----- DATA FOR REVIEW
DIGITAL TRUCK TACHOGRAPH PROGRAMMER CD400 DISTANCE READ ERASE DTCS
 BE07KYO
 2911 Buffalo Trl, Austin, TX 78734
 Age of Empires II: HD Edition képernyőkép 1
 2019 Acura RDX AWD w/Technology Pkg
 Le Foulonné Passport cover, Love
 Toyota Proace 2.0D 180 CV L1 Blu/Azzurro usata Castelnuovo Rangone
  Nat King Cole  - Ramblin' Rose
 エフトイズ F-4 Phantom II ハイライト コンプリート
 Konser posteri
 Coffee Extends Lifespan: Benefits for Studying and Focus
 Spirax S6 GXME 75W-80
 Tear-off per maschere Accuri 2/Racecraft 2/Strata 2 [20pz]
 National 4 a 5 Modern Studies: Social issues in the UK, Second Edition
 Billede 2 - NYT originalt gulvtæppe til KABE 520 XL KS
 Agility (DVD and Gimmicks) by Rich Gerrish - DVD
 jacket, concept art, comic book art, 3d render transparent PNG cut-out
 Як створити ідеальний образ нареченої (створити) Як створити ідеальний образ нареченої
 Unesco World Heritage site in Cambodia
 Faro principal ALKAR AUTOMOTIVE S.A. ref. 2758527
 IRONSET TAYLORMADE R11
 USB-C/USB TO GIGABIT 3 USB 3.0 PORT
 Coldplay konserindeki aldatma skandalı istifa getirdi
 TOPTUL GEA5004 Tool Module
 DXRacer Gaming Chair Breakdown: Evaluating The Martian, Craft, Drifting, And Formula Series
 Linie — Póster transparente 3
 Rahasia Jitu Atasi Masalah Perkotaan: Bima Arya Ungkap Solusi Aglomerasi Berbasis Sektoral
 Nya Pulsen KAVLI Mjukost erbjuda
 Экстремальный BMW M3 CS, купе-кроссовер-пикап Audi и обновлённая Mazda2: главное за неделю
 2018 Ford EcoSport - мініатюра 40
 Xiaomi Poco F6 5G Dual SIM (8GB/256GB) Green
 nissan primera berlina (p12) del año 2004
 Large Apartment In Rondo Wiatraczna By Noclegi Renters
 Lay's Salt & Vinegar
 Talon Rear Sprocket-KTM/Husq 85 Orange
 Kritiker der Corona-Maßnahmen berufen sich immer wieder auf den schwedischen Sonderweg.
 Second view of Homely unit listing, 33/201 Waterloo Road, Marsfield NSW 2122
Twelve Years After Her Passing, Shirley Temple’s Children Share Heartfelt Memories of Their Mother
----------
The output is every entry, printed exactly as it reads.

DIGITAL TRUCK TACHOGRAPH PROGRAMMER CD400 DISTANCE READ ERASE DTCS
 BE07KYO
 2911 Buffalo Trl, Austin, TX 78734
 Age of Empires II: HD Edition képernyőkép 1
 2019 Acura RDX AWD w/Technology Pkg
 Le Foulonné Passport cover, Love
 Toyota Proace 2.0D 180 CV L1 Blu/Azzurro usata Castelnuovo Rangone
  Nat King Cole  - Ramblin' Rose
 エフトイズ F-4 Phantom II ハイライト コンプリート
 Konser posteri
 Coffee Extends Lifespan: Benefits for Studying and Focus
 Spirax S6 GXME 75W-80
 Tear-off per maschere Accuri 2/Racecraft 2/Strata 2 [20pz]
 National 4 a 5 Modern Studies: Social issues in the UK, Second Edition
 Billede 2 - NYT originalt gulvtæppe til KABE 520 XL KS
 Agility (DVD and Gimmicks) by Rich Gerrish - DVD
 jacket, concept art, comic book art, 3d render transparent PNG cut-out
 Як створити ідеальний образ нареченої (створити) Як створити ідеальний образ нареченої
 Unesco World Heritage site in Cambodia
 Faro principal ALKAR AUTOMOTIVE S.A. ref. 2758527
 IRONSET TAYLORMADE R11
 USB-C/USB TO GIGABIT 3 USB 3.0 PORT
 Coldplay konserindeki aldatma skandalı istifa getirdi
 TOPTUL GEA5004 Tool Module
 DXRacer Gaming Chair Breakdown: Evaluating The Martian, Craft, Drifting, And Formula Series
 Linie — Póster transparente 3
 Rahasia Jitu Atasi Masalah Perkotaan: Bima Arya Ungkap Solusi Aglomerasi Berbasis Sektoral
 Nya Pulsen KAVLI Mjukost erbjuda
 Экстремальный BMW M3 CS, купе-кроссовер-пикап Audi и обновлённая Mazda2: главное за неделю
 2018 Ford EcoSport - мініатюра 40
 Xiaomi Poco F6 5G Dual SIM (8GB/256GB) Green
 nissan primera berlina (p12) del año 2004
 Large Apartment In Rondo Wiatraczna By Noclegi Renters
 Lay's Salt & Vinegar
 Talon Rear Sprocket-KTM/Husq 85 Orange
 Kritiker der Corona-Maßnahmen berufen sich immer wieder auf den schwedischen Sonderweg.
 Second view of Homely unit listing, 33/201 Waterloo Road, Marsfield NSW 2122
Twelve Years After Her Passing, Shirley Temple’s Children Share Heartfelt Memories of Their Mother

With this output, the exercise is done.